Ehrenreich also managed to pick three areas in which she could do her experiment relatively unimpeded by such real-world concerns as crime, pollution, and cost of living. She chooses Key West, her hometown; Portland, Maine; and the Minneapolis suburbs. She rejects other locations because of her allergies and the areas' relative lacks of affordable housing. In so doing, Ehrenreich misses an opportunity to accurately present the REAL working poor and also, in many cases, to discover the non-official systems of support that sustain these communities. Instead of considering how non-traditional families and living arrangements might create the conditions for some kinds of success, she instead uses these situations as examples of how downtrodden her "colleagues" are. When women live with their mothers or sisters or boyfriends' mothers, they are painted as examples of failure to attain the Western (bourgeois) standard of living. When a hard-working housecleaner refuses to take time off following an injury, Ehrenreich displays her liberalism by chiding herself for assuming that the woman could take a break: "How do I know, maybe her husband beats her if she misses work." Would Ehrenreich have made this assumption about a doctor, a professor, or even, say, an aerobics instructor? In the end, Ehrenreich perpetuates more stereotypes than she destroys, all in the service of her own bourgeois ideals. Ick.
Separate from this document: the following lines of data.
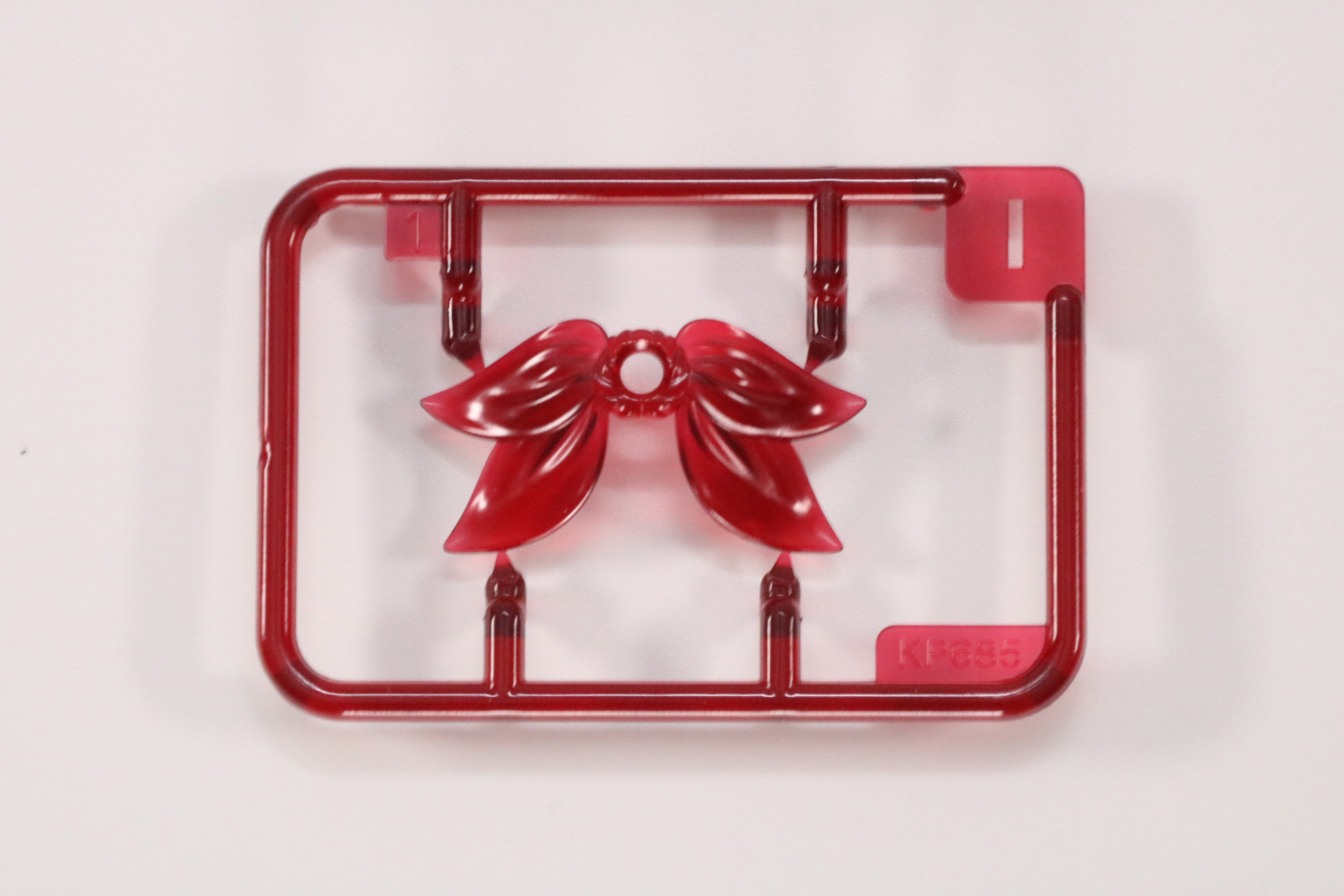 Hパーツ。クリアレッドの成型色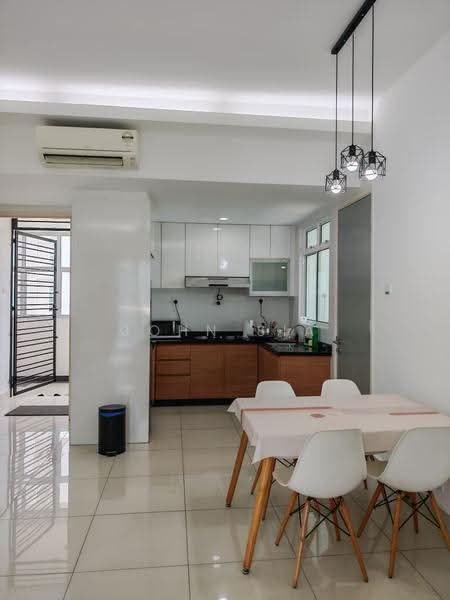 Service Residence for Sale at Skysuites @ Meldrum Hills - John Sia - Kitchen - PropertyGuru.com.my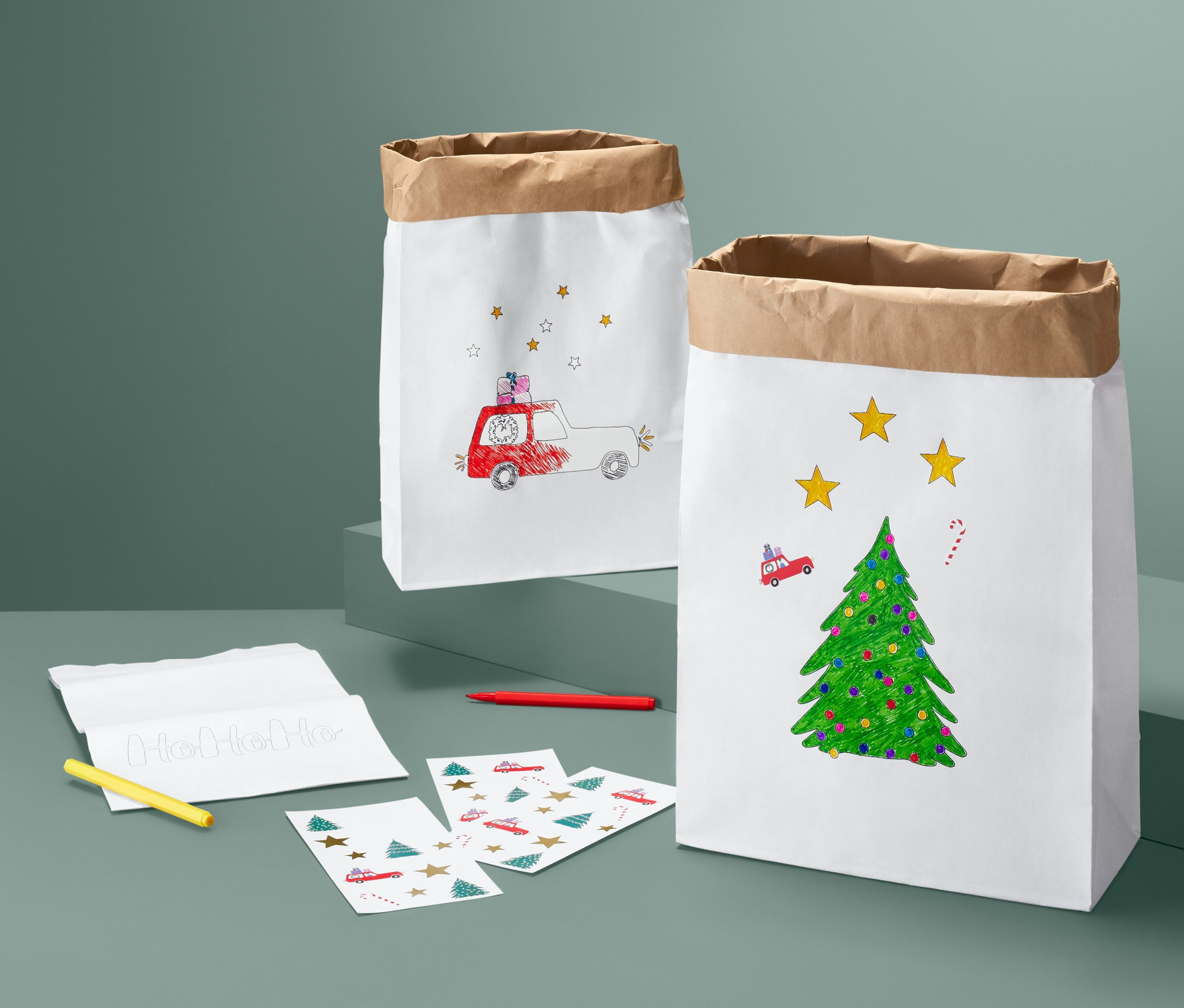 Zwei weisse Papiertüten aus dem Papiertüten-Bastel-Set mit weihnachtlichen Motiven.
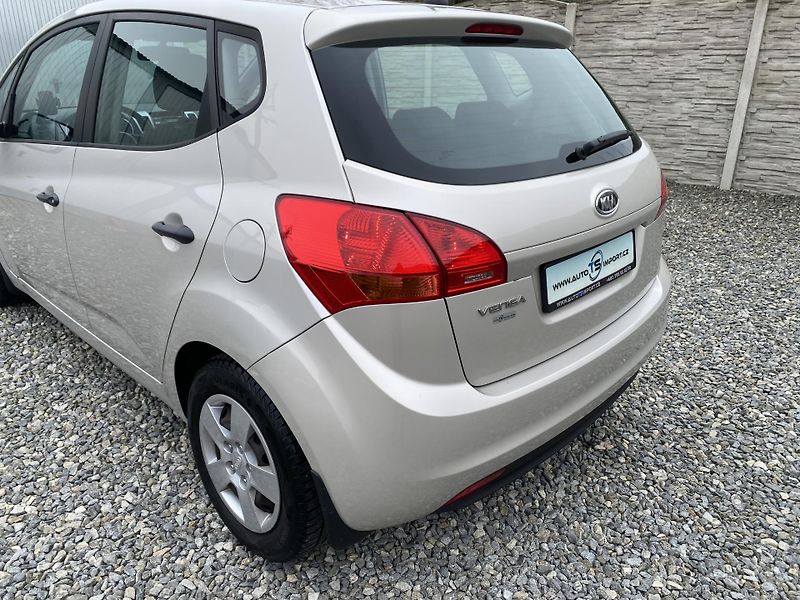 Kia Venga 1.4i 16v 90PS KLIMA SERVIS!!!  - fotka 37 z 144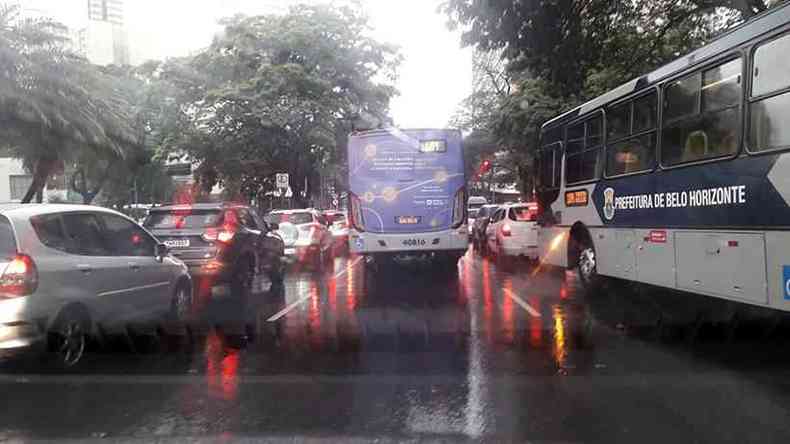 Ônibus e carros enfileirados em trânsito lento na Avenida Afonso pena com chuva no Centro de Belo Horizonte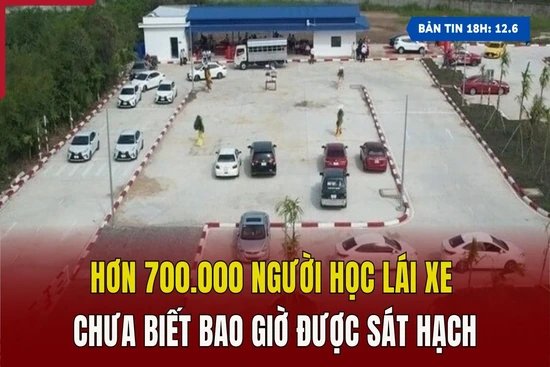 [Bản tin 18h] Hơn 700.000 người học lái xe chưa biết bao giờ được sát hạch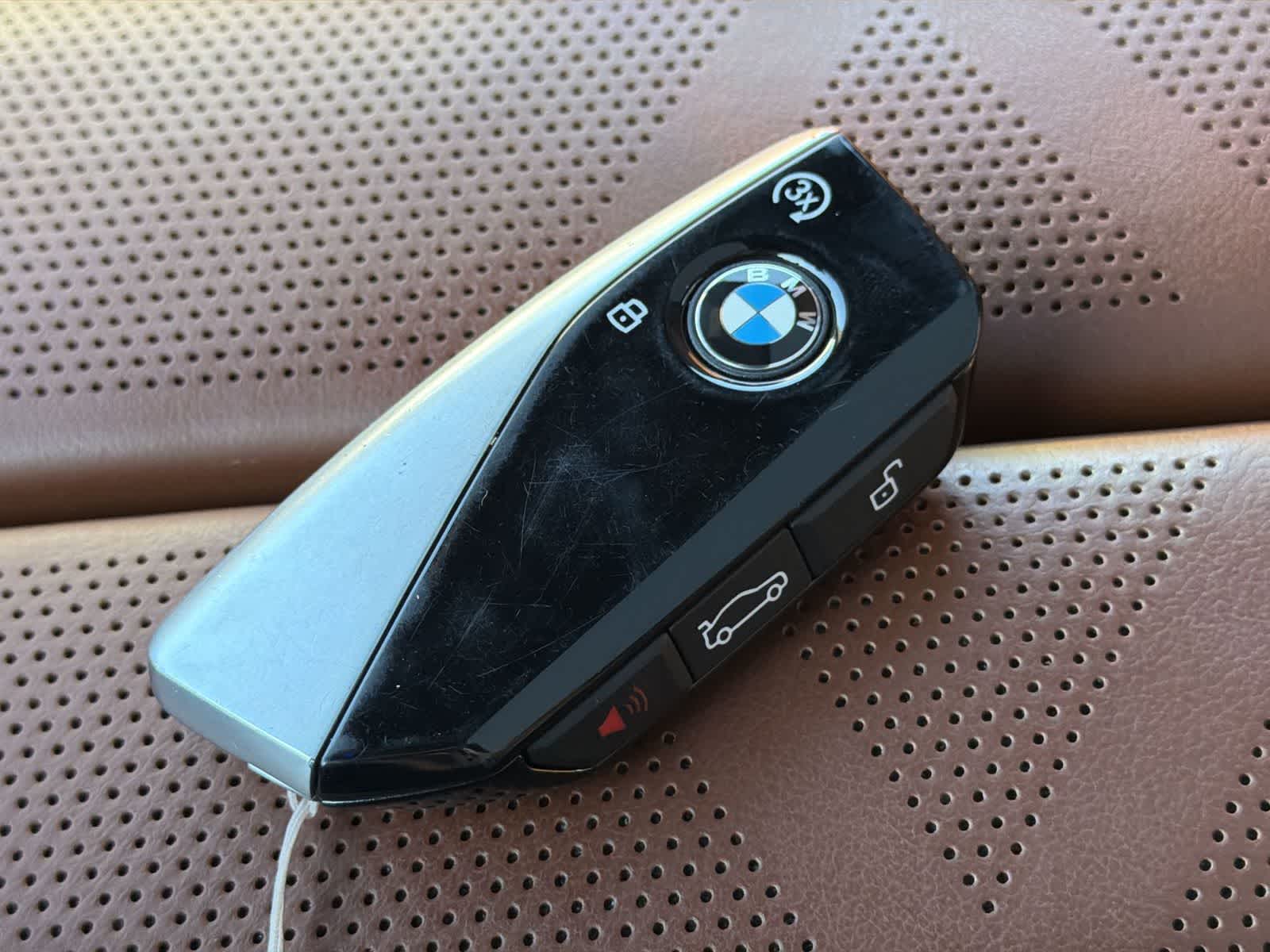 Thumbnail: 2025 BMW i7 - 28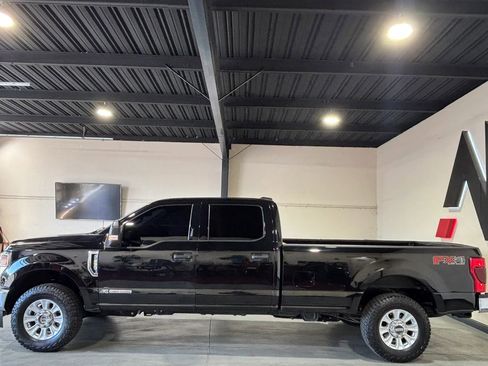 Used 2020 Ford F250 XLT w/ XLT Value Package AWD/4WD image 4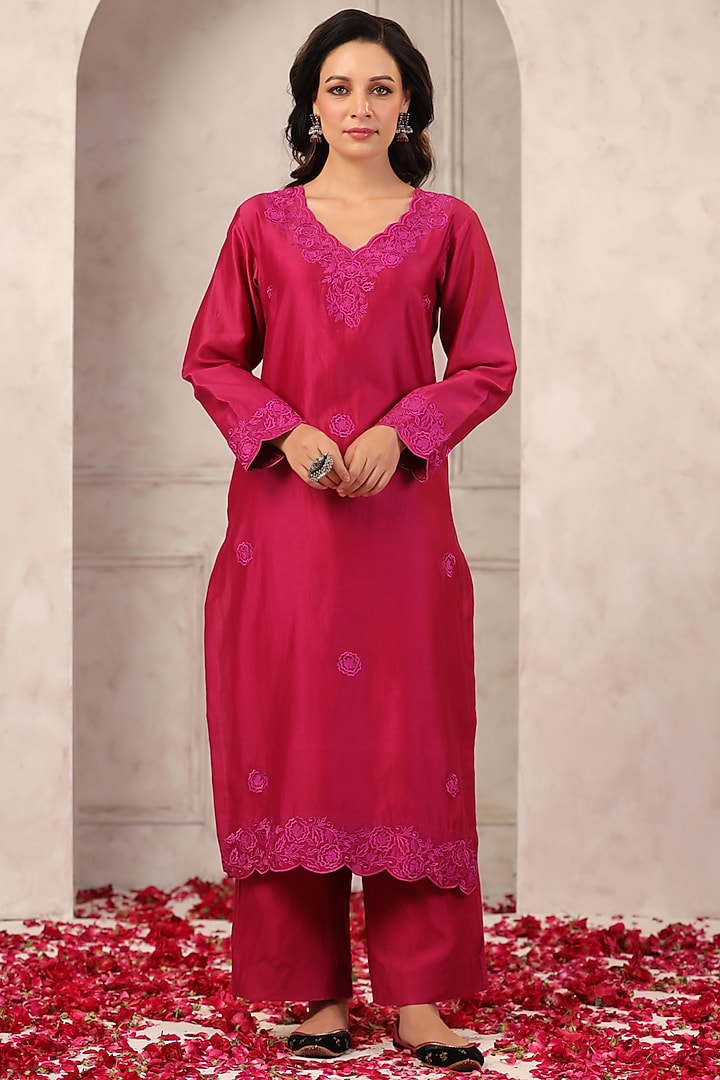 Wine Chanderi Embroidered Kurta Set by ANSHU WADHWA at Pernia's Pop Up Shop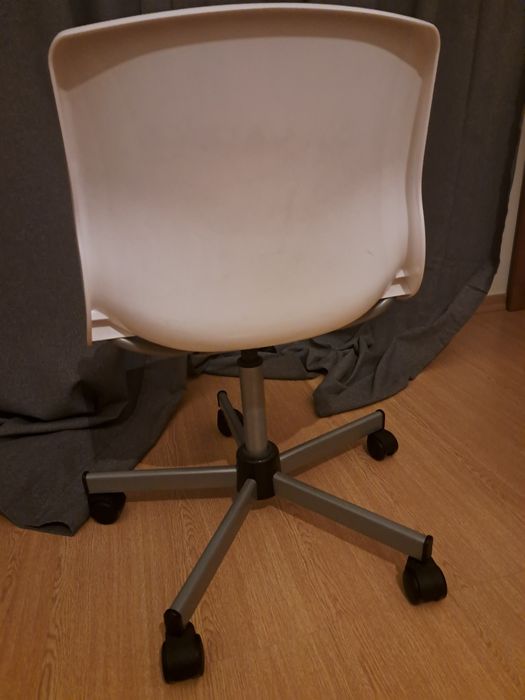 Cadeira e secretária escolar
As you can imagine, I found one of her most greivous errors to be in her characterization of the state of Maine. She "chose Maine for its whiteness"; while this "demographic albinism" makes Maine a less than desirable "place to settle in for the long haul," the author thinks it will make her infiltration of the lower class less suspicious. Well, thank god for that. I don't think that reasoning holds up, since, for one thing, Ehrenreich spends most of the rest of her time in Maine rigorously trying to differentiate herself from her fellow white-people. Her "noble" attempts to defend her co-workers from their tyrranical boss? Not so noble considering that a) she doesn't need the job, and b) they don't want to be defended (but, ah, they don't know what's best for them). So all this "sticking up for the underdog" really serves to do is mark Ehrenreich as "not them." When she attends a church service on a Saturday night (because there is nothing better to do in Portland on a late summer weekend night, for free ?!?), she notes that besides a few people of color, the congregation is "tragically hillbilly." So, in addition to providing her with an opportunity to once again excise her liberal guilt by taking cheap shots at white people, Ehrenreich has also tragically misunderstood the demographics of her chosen state. I am generally the last person to leap to the defense of white people, but come on. Try telling the enormous populations of Penobscots and French-Canadians in Maine that their state lacks diversity and hence deserves to be termed "hillbilly." Ehrenreich clearly prefers the kind of racial difference she can see. At least she can reliably use that kind as a class marker. Being from Maine, I will gladly admit that the state is overwhelmingly -- and often uncomfortably -- white. But to "choose" a state for its "whiteness" and then denigrate said state for being white -- and, likewise, to embark on the project of "being poor" (and white) and then to denigrate those who are poor and white -- makes this reader wonder where the author's race politics really lie.

So, on the whole, I was dismayed by this book. But on the other hand, there are lots of clues within the work about how we might go about the always-questionable job of representation. One way to ensure that you will fail at this, I think, is to attempt to somehow make representation less questionable. The kind of documentary journalism Ehrenreich engages in here would have benefitted from a problematized politics of representation, and not the kind that is problematized so that it can then be neatly solved. As it stands, that seems the objective of _Nickeled and Dimed_, even as the author continually reminds us -- because she still feels guilty, even after trying SO HARD not to -- that she has not found such a solution. Try looking in someone else's class politics, lady.